Thermal Expansion:Glass tile expands more that ceramic tile and more movement accommodation is necessary. Properly constructed movement accommodation joints are essential for the performance of glass tile installations.
Limited Flexibility:While glass tiles may have breaking strength values equal to or higher than ceramic tiles, they are not as resistant to surface deformation. Glass tile generally requires a more rigid support system than ceramic tile.
Bonding to Membranes:Bonding some types of glass tiles to a membrane or other impervious surfaces can result in the appearance of visible moisture behind the tile, particularly when using clear glass. Consult the manufacturer prior to use of a membrane with opaque or translucent glass tile.
Submerged Environments:In submerged installations, such as a swimming pool or other water features, consult with the manufacturer for information on the chemical resistance of the glass to products used for maintenance. Some mounted glass tiles may use re-emulsifiable adhesives or the mounting system may prevent sufficient contact between the glass tile and bonding mortar, causing delamination in submerged applications. Face mounted products are preferred in wet applications.
Any substrate needs to be flat prior to installation. The common practice in tile setting of adding a little thinset here and taking away a little there to make things lay flat does not work on glass tile. Nearly all cement products shrink as they dry. If one side of glass tile is pulled tighter to the substrate than the other side by differing amounts of thinset, cracking may occur during the curing process. This is particularly an issue in larger size glass tile.
Cracks caused during the curing process when using excessive thinset may not occur for a months in some situations. Another area of mixed recommendations from glass tile manufacturers is installing over membrane systems. This is not about consensus in the manufacturing process, but about the properties of a given product in a specific application. The easy part in explaining the mixed recommendations is the membrane itself. Not all membranes are suitable for glass tile. Some are overly compressive and may work fine under ceramic, but have excessive compression and lack the support required for glass.
Another issue is the extended curing time of a latex or polymer thinset when placed over an impervious surface (such as a membrane). Without question, sandwiching a modified thinset over a membrane and under glass tile is going to cause an extended cure cycle. With translucent or opaque glass tile, this extended curing can cause the appearance of “picture framing” as the thinset is slowly allowed to dry. With larger tile this can be a source of concern to end users, lasting a month or more.
I would be adamant about receiving very specific recommendations for each glass tile product I was selling or installing. If written recommendations are not available it would be my suggestion you align with a manufacturer who has made the investment in researching their product to create those recommendations.

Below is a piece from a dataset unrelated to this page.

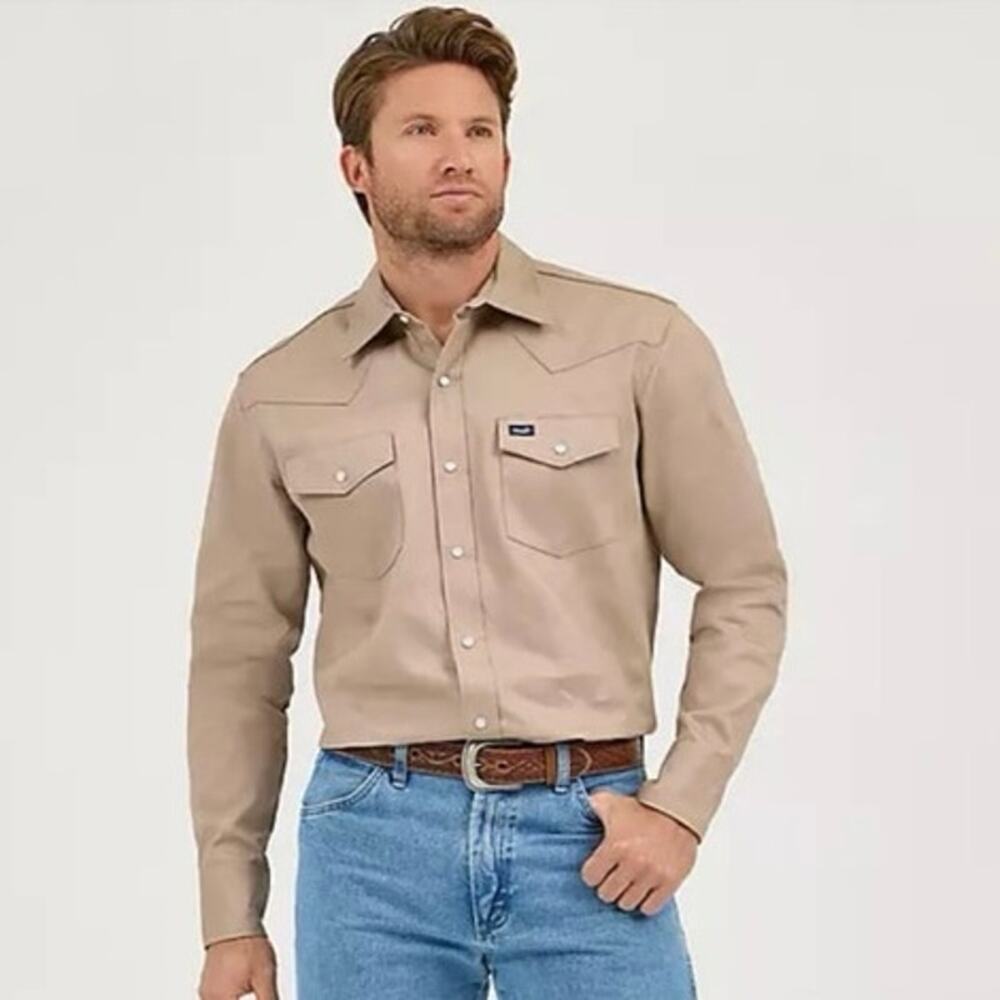 Men’s Wrangler Western Brown Pearl Snap Size XL Tall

This may sound a little dramatic on my part but let me assure you, it is based on more instances than I can count and real stories that are better left unpublished. Get a written recommendation!
An integral part of the glass tile installation process is the use of movement accommodation joints. The reason: Glass tile is highly expansive. Before a single tile is set and beginning with the sales process, movement accommodation joints should be discussed and addressed. This is a very tough aspect of the sale to an end-user and a subject salespeople and installers alike wish to avoid. It was always a battle to tell someone they needed to put a caulk joint in their tile work. These joints can be very disturbing to the end-user if they are not made aware of and educated on the necessity of movement accommodation when using expansive glass tile products.
Glass tile is no longer a product for just the very rich. It is both desirable and readily available across the economic spectrum. Working with glass requires a special understanding of the product and installation needs. It is not, as we often hear, just like tile. There are many more considerations that must be made to ensure the customers’ performance expectations are met. For salespeople and installers, taking the extra steps can lead to a highly rewarding segment of the tile market.